Todos estos fenómenos, superfluos a primera vista para el público general, en última instancia acaban desbordando el mundo virtual y afectando a nuestra realidad física. Y no solo a la hora de relacionarnos en nuestro día a día con las personas de nuestro entorno, también nos convertimos en mercancía que estas empresas utilizan en beneficio propio y para fines poco o nada éticos. No olvidemos a Steve Bannon, Cambridge Analytica y toda esa ralea de personajes que en su momento catalizaron muy bien una combinación de datos de Facebook y la frustración de algunas subculturas del Internet más casposo para inclinar la balanza política a favor de Trump en 2016.
Internet hoy día no es un espacio neutral: cada año que pasa se encuentra más y más bajo el control de una serie de agentes que configuran ese espacio de forma muy parecida a cómo los bloques geopolíticos configuran territorios en beneficio propio. Todas las plataformas que el público general usa a día de hoy comparten unos mismos objetivos y están orientadas a reproducir y monopolizar de algún modo algún ámbito de la vida cotidiana.
Hay quien propone la desconexión digital y volver a tiempos más simples, a tiempos donde no se nos sobrecargaba de información y de relaciones sociales de bolsillo que invaden nuestros espacios de intimidad. No creo que sea la solución. Abandonar y obviar la importancia de las redes es dejarlas en manos de agentes muy poderosos con el poder de influir en nuestra cosmovisión y en nuestro comportamiento.
No creo que la Web 2.0 sea el mal encarnado.
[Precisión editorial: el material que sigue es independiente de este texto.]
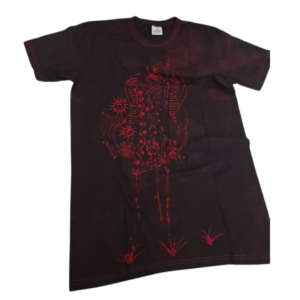 Roundneck t-shirt Batik, black background with red art impression. Size L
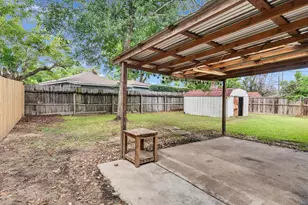 5115 Toho Dr, Houston, TX 77032 - Photo 22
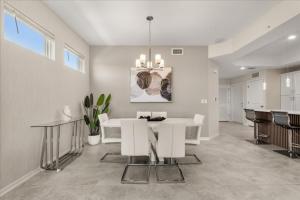 3 Bedrooms 2 Bathrooms Storey Lake 3180-308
Gracias a esta reestructuración de internet pudimos disfrutar de plataformas como Wikipedia, algunos grandes foros temáticos o el Youtube primigenio (antes de ser fagocitado por Google). Hoy es más necesario que nunca reivindicar lo comunitario y generar sentimientos de pertenencia colectiva en Internet. Frente a la economía competitiva del like, los agentes de cambio social deben eludir la alienación producida por las grandes plataformas y desarrollar estrategias que permitan a la ciudadanía reclamar su agencia como sujeto activo en las redes, y no como objeto pasivo en el mercado mediático.